Penser en valeur, pas en coût
La question que vos clients se posent n'est pas "combien ça coûte ?" mais "est-ce que ça vaut le coup ?". Un site web à 3 000€ qui génère 50 000€ de chiffre d'affaires supplémentaire, c'est une affaire. Un site à 500€ qui ne convertit pas, c'est 500€ perdus.
Avant d'annoncer votre prix, essayez de quantifier la valeur de ce que vous livrez : temps économisé, revenus générés, risques évités, problèmes résolus. Quand vous pouvez articuler cette valeur clairement, annoncer votre prix devient beaucoup plus simple — et votre client comprend ce pour quoi il paie.
Exemple concret : un freelance qui rédige des emails de prospection ne vend pas du "copywriting" — il vend des rendez-vous commerciaux. Si chaque rendez-vous vaut en moyenne 2 000€ pour son client, et que sa campagne génère 10 rendez-vous, la valeur créée est 20 000€. Facturer 2 000€ pour cette campagne, c'est très raisonnable.
La stratégie du palier : augmenter sans perdre ses clients
Vous n'avez pas à doubler vos prix du jour au lendemain. La méthode la plus efficace :
- Sur le prochain nouveau client uniquement, augmentez de 20-30%. Gardez vos clients actuels au même tarif temporairement.
- Si le nouveau client accepte sans sourciller, augmentez encore sur le suivant.
- Quand votre nouveau tarif est validé par 2-3 clients, annoncez une revalorisation à vos clients existants avec un préavis de 2-3 mois.

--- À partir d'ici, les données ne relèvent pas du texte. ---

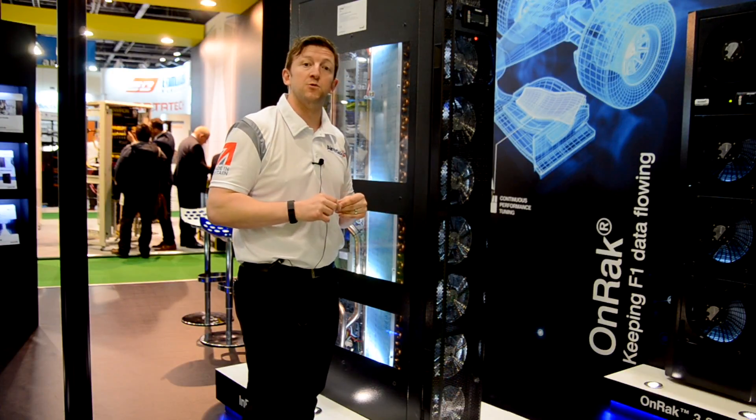Maximum cooling capacity on the minimum footprint. This is just one system that we can provide for you.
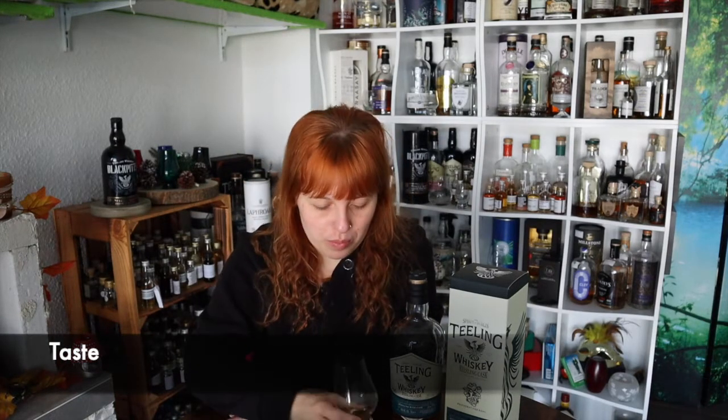The nose is quite promising. Sláinte, guys! It's nice and fresh in the mouth as well — you really have a nice mouth feel. The alcohol is very integrated both in nose and taste.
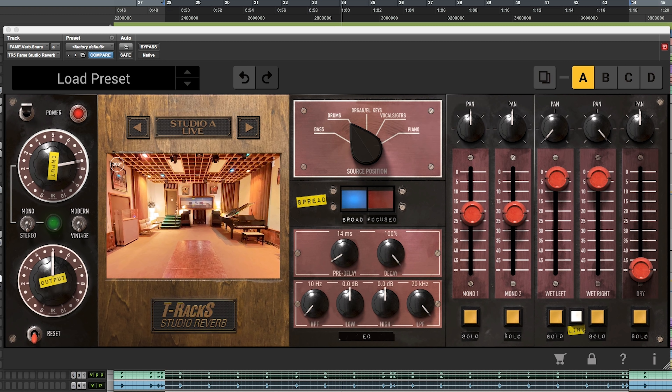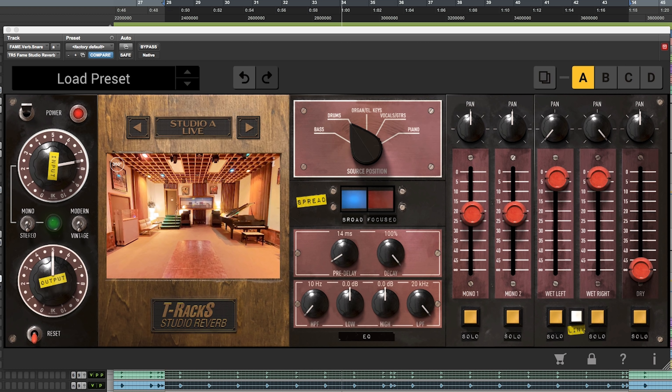Hi everybody, hope you're doing well. If you've been watching this week's episodes, on Wednesday we did 'Mustang Sally' by Wilson Pickett, and yesterday we did the FAME Studio tour of Studio A. There's a bit of a theme — so what we're going to do now is try the new FAME Studio Reverb. Studio A was the first room they built, and in that room Otis Redding, Aretha Franklin, Wilson Pickett — the list is endless — recorded there.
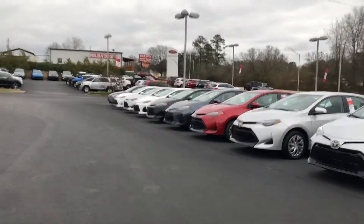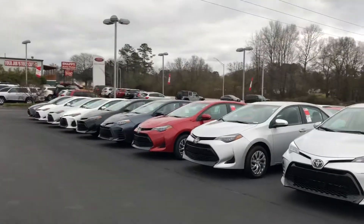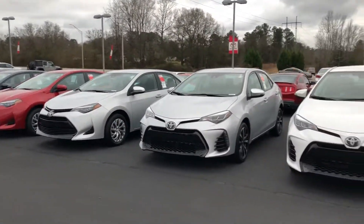As you can see, we have all colors from white, silver, black, red.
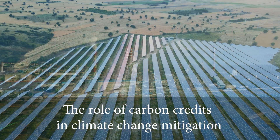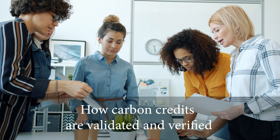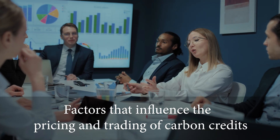During this course, we will look at the role of carbon credits in climate change mitigation, the main types of carbon credits and how they differ, how carbon credits are validated and verified, and the factors that influence the pricing and trading of carbon credits.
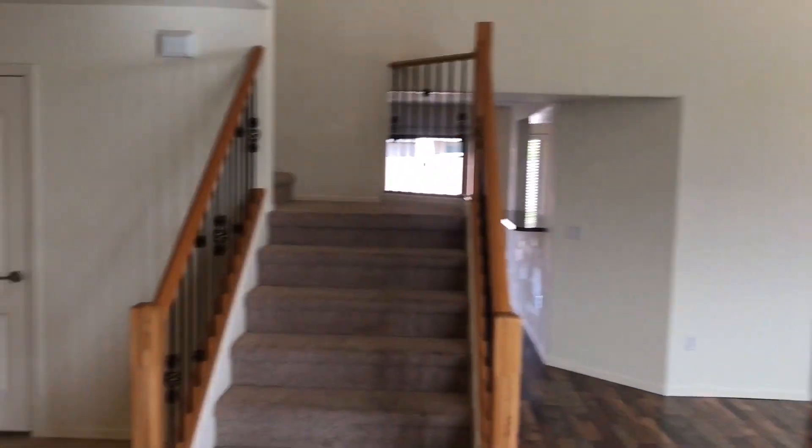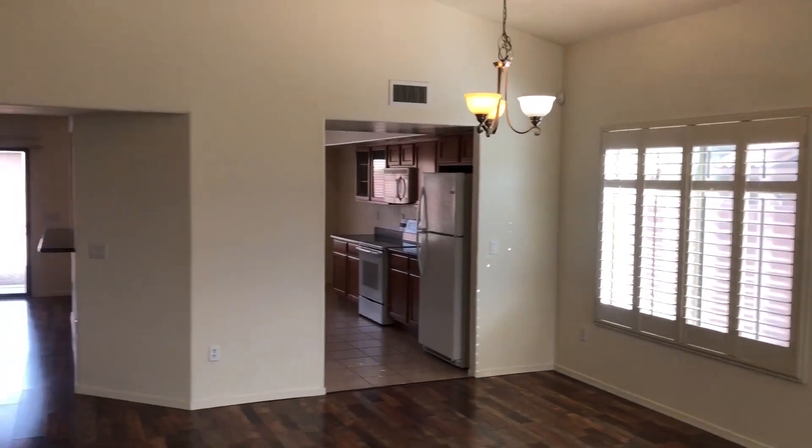Let's go have a look inside. Upon entering the front entryway, we have the stairs, as well as this living area here on the right — family room, living room, whichever you prefer.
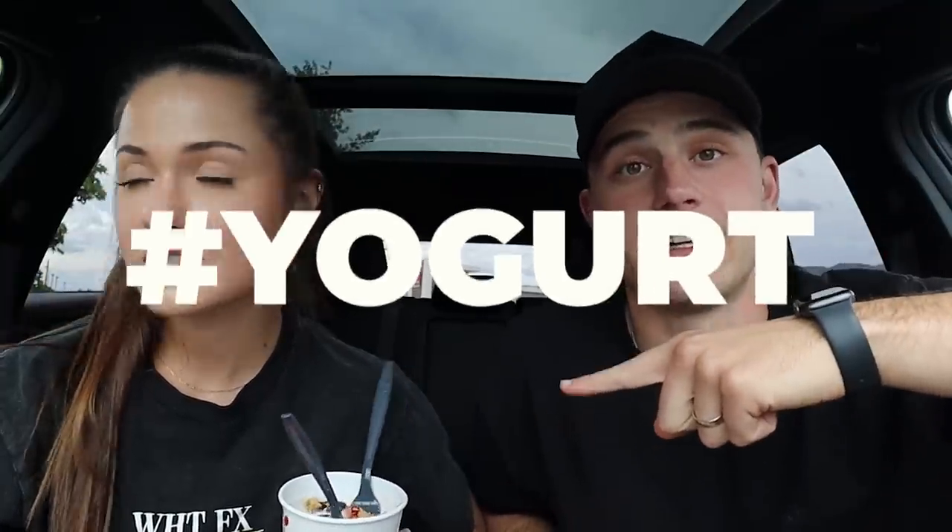Alright, that's the end of the video — that's all the fast food places we're going to today. Hope you guys enjoyed all these different fast food places and healthy options. If you want a part two with different places, let us know where you want us to go next. We'll go to McDonald's in the morning to get those breakfast items for you. If you made it this far, comment hashtag yogurt. We love and appreciate you — we'll see you next time!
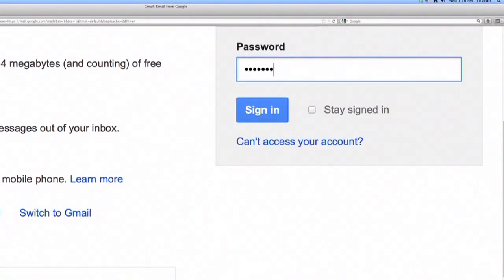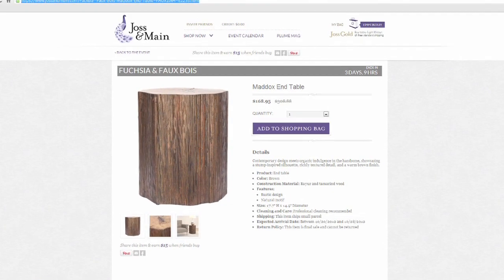I love these daily deal sites where on any given day you can just open your inbox and see what's on sale that day. And they're especially good if you've got something specific in mind, which is why I was so excited this morning when I opened my inbox and I saw this sale from Joss & Main.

Cette approche vous permet de tester le marché sans risquer vos revenus actuels. Elle vous donne aussi la confiance nécessaire — parce que vous avez la preuve que des clients acceptent ce prix.
Dire son prix sans trembler
La façon dont vous annoncez votre prix compte autant que le prix lui-même. Deux règles pratiques :
Annoncez en dernier. Présentez d'abord votre compréhension du problème, votre approche, les livrables attendus, les résultats visés — et le prix en dernier. Quand le client comprend ce qu'il obtient avant d'entendre le tarif, son référentiel a changé.
Ne justifiez pas votre prix. "Je sais que c'est un peu cher mais..." est une phrase qui sape votre crédibilité avant même que le client ait réagi. Annoncez votre prix, faites une pause, et attendez. Le silence après l'annonce d'un prix est normal — ce n'est pas un signal que vous devez brader.
Avant même de parler de prix à un client, assurez-vous que votre tarif tient économiquement : notre guide pour calculer son TJM sans se saboter détaille la méthode. Fixer ses prix juste, c'est un apprentissage. Mais chaque client qui accepte votre tarif sans négocier vous prouve que vous étiez encore en dessous. C'est l'information la plus précieuse que vous puissiez avoir — et elle vaut le léger inconfort de l'annoncer.